# hunting near a road?



## wallydvr

can anyone tell me how many feet away from a road you have to be to discharge a gun? hunting regs are not real clear. it states not on or across.


----------



## killingtime

i want to say 300ft. but dont hold me to it.


----------



## Sharp Charge

200 sounds right, but I looked in the ORC and hunting book but can't find anything specific.


----------



## Huntinbull

no specific distance. You are not allowed to shoot on along or across a road. Generally the DOW Officers I have talked to say as long as you are across the ditch and not endangering anyone, you are fine.


----------



## c. j. stone

Wife said someone shot at 5 geese as they flew over her head while riding down the road on her bike! Wish I'd have been there when they did that....
I'd have got a license plate number and called THE man!!!


----------



## grizzly70

400 ft, that is how far you are "supposed" to be from any public roadway.


----------



## Mushijobah

Where did you get that information, Grizzly? I have only found that shooting ACROSS a road is bad.


----------



## grizzly70

i work for the odnr


----------



## bkr43050

grizzly70 said:


> i work for the odnr


That is great but can you post a link to the information that states 400 feet? Like others on here I have not seen anything documented supporting any minimum distance.


----------



## M.Magis

I don't care who he works for, he's making the 400' foot rule up. There is no defined distance.


----------



## Kaiser878

There is no set distance! THe rule is this, you must be on the opposite side of the barrier that seperates the road from where you are hunting. 
FOr example, if there is only a guard rail you can litterally sit on the guar rail with your back to the road and shoot away from the road. You cannot shoot along or across the road! 

The barrier could be the fence such as long the highway. I know this for a fact because I have a good friend who is a game warden. I spoke with him about it when I had a duck huntnig spot rt along a road! Lets just say a guar rail makes a good back rest!


----------



## grizzly70

that's right... why would i make it up... i duck hunt also, don't u think i have spots that are close to roads also????? all i know is that the officers that i work with will write u, and have written tickets for people hunting within that set distance of... 400 feet OMG. i'm not trying to b a buzzkill, just trying to inform someone who doesn't know the laws. i would love to hunt on the otherside of a "guardrail" or a fence, but i know that i cannot do so lawfully. u can choose to accept the truth, or just keep up the "I'm full of it" mindset... personally i don't care.


----------



## armyMOSfishin

Maybe you both are correct. The ORC doesn't give a specific distance( Well I didn't find anything) but certain cities or counties could legislate they're own ordinance and make it more strict by adding the 400 ft rule.


----------



## CasualFisherman

grizzly70 said:


> 400 ft, that is how far you are "supposed" to be from any public roadway.

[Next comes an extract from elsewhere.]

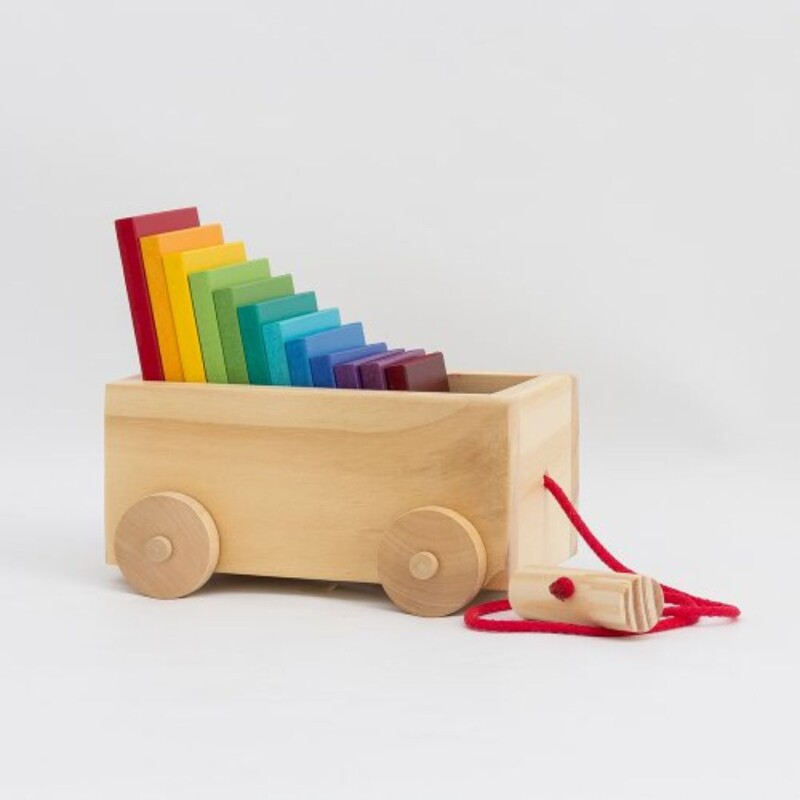 CARRITO ARCOIRIS CLASICO Carrito Arcoiris Clasico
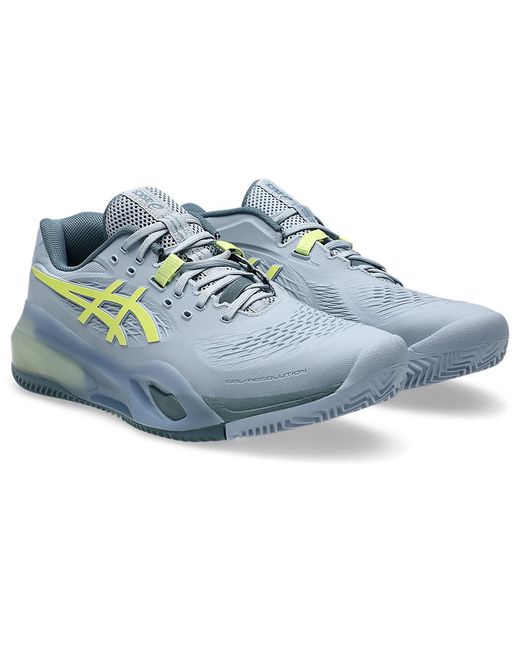 Asics Blue Gel-Resolution X Clay for men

This only applies to public lands managed by the state. I have seen the signs on public ground but their is no ordinance regulating this on private ground.


----------



## Mushijobah

grizzly70 said:


> that's right... why would i make it up... i duck hunt also, don't u think i have spots that are close to roads also????? all i know is that the officers that i work with will write u, and have written tickets for people hunting within that set distance of... 400 feet OMG. i'm not trying to b a buzzkill, just trying to inform someone who doesn't know the laws. i would love to hunt on the otherside of a "guardrail" or a fence, but i know that i cannot do so lawfully. u can choose to accept the truth, or just keep up the "I'm full of it" mindset... personally i don't care.


I've hunted near freeways...well within 400 feet....and the officers in the county didn't care. no shooting OVER the roads. Please post your link grizzly if you have one. There are too many guys LYING on the internet about rules just to prevent people from doing something in their secret spot.


----------



## firstflight111

grizzly70 said:


> i work for the odnr


oh okay then that means you need to go get up to date on your laws i call b.s .


----------



## ErieAngler

If someone has a bonefide rule that should be followed then post it, otherwise I think generally if you use your common sense and don't p*ss people off and you'll be fine.


----------